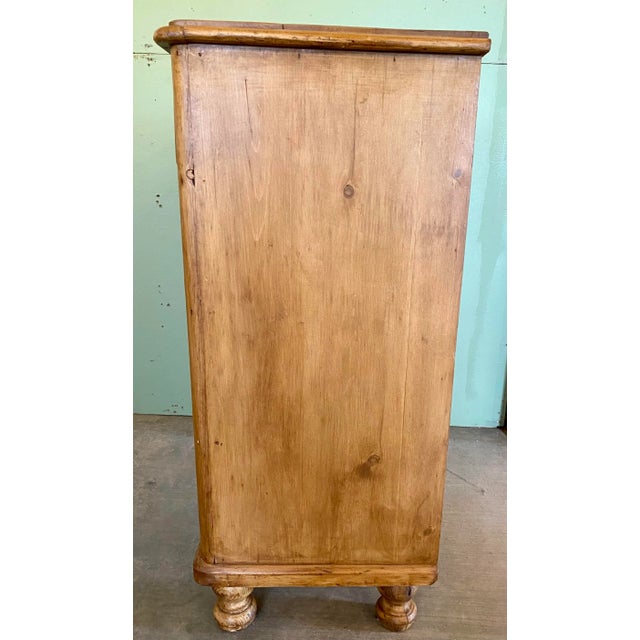 Antique Pine 2 Over 3 Chest of Drawers With Ornate Brass Hardware With Fantastic Patina From England - Circa 1880 For Sale - Image 4 of 11
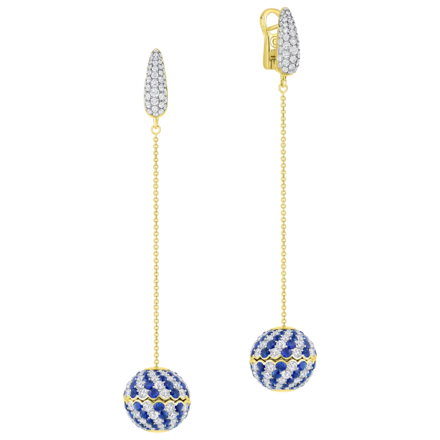 Серьги с сапфирами и бриллиантами, желтое золото 1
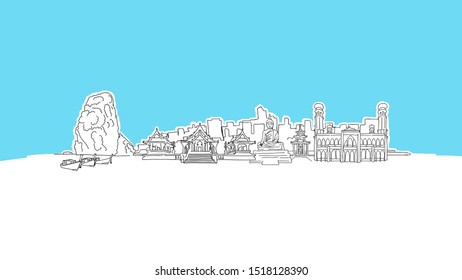 Thailand Panorama Lineart Vector Sketch. and Drawn Illustration on blue background.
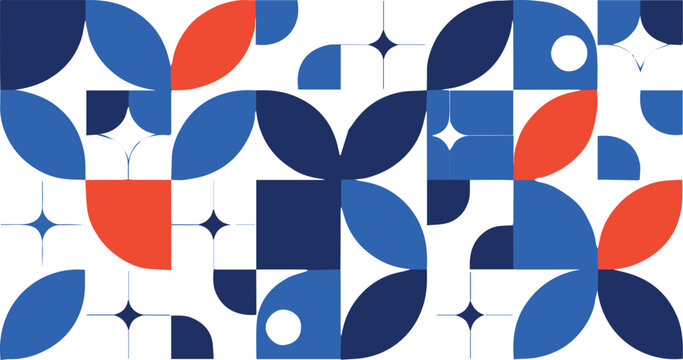 minimalism geometric grid pattern with circles squares stars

____

Pictures stay out; the data above is to be returned exactly.

- ANSWER TO THIS EXERCISE -
 Antique Pine 2 Over 3 Chest of Drawers With Ornate Brass Hardware With Fantastic Patina From England - Circa 1880 For Sale - Image 4 of 11
 Серьги с сапфирами и бриллиантами, желтое золото 1
 Thailand Panorama Lineart Vector Sketch. and Drawn Illustration on blue background.
 minimalism geometric grid pattern with circles squares stars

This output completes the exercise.